Input data
^^^^^^^^^^^^^^^^
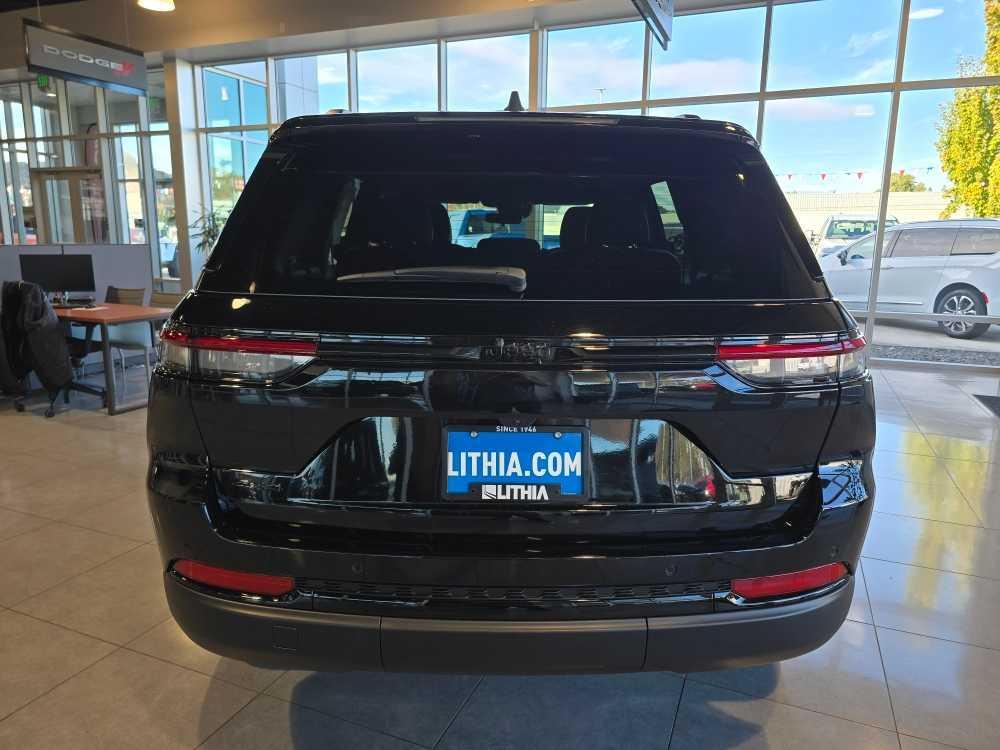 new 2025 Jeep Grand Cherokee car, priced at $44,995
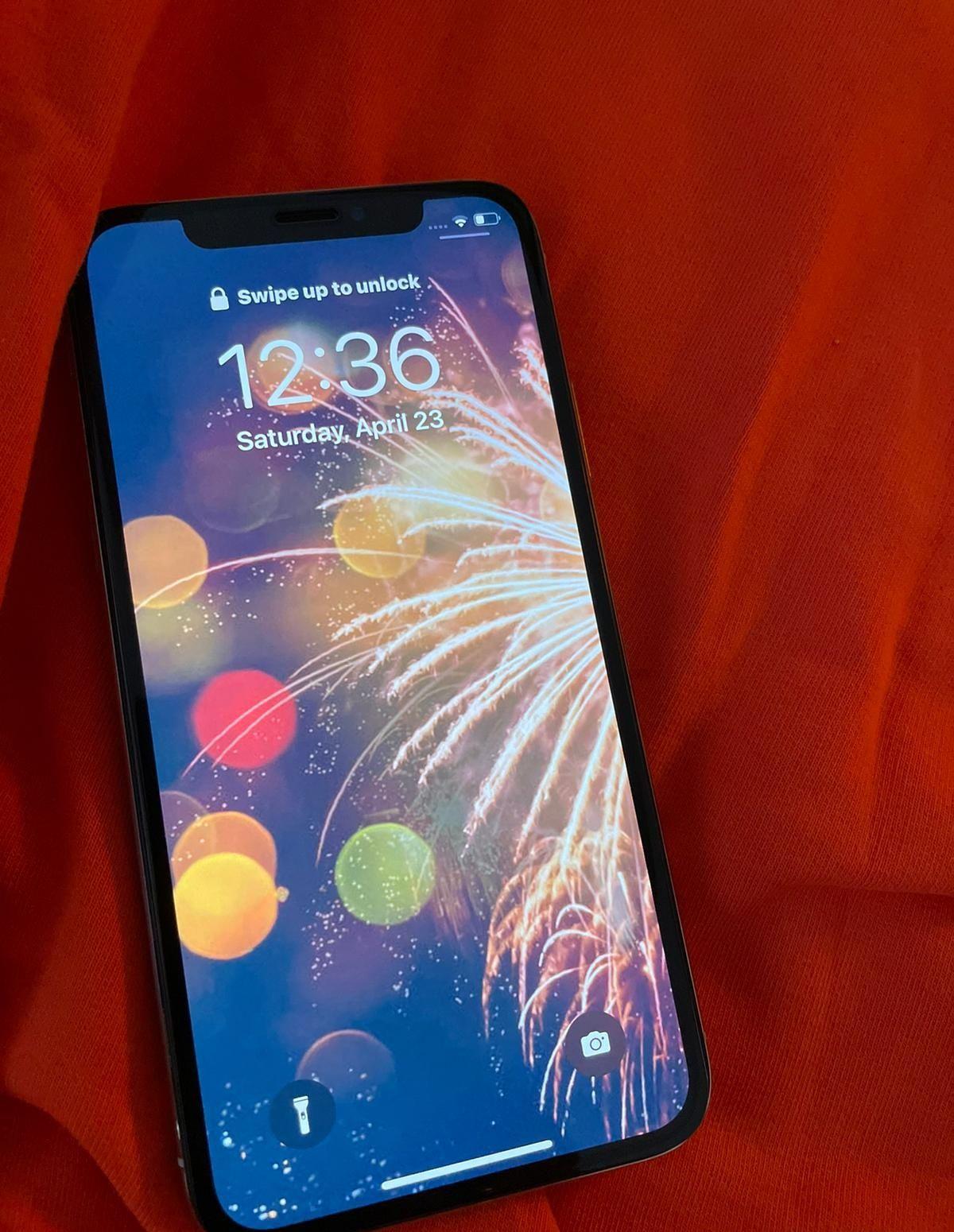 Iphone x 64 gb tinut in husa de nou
^^^^^^^^^^^^^^^^
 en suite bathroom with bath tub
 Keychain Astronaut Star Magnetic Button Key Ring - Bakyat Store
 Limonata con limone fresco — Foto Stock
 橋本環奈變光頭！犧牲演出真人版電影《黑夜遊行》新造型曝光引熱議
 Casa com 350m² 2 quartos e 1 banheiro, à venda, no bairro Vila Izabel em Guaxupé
^^^^^^^^^^^^^^^^
Exercise requirements
Among the entries above, take the line with "new 2025 Jeep", the line with "Iphone x 64 gb tinut in husa de nou", and all the lines between them, and restate them word for word without pictures.

Answer area
 new 2025 Jeep Grand Cherokee car, priced at $44,995
 Iphone x 64 gb tinut in husa de nou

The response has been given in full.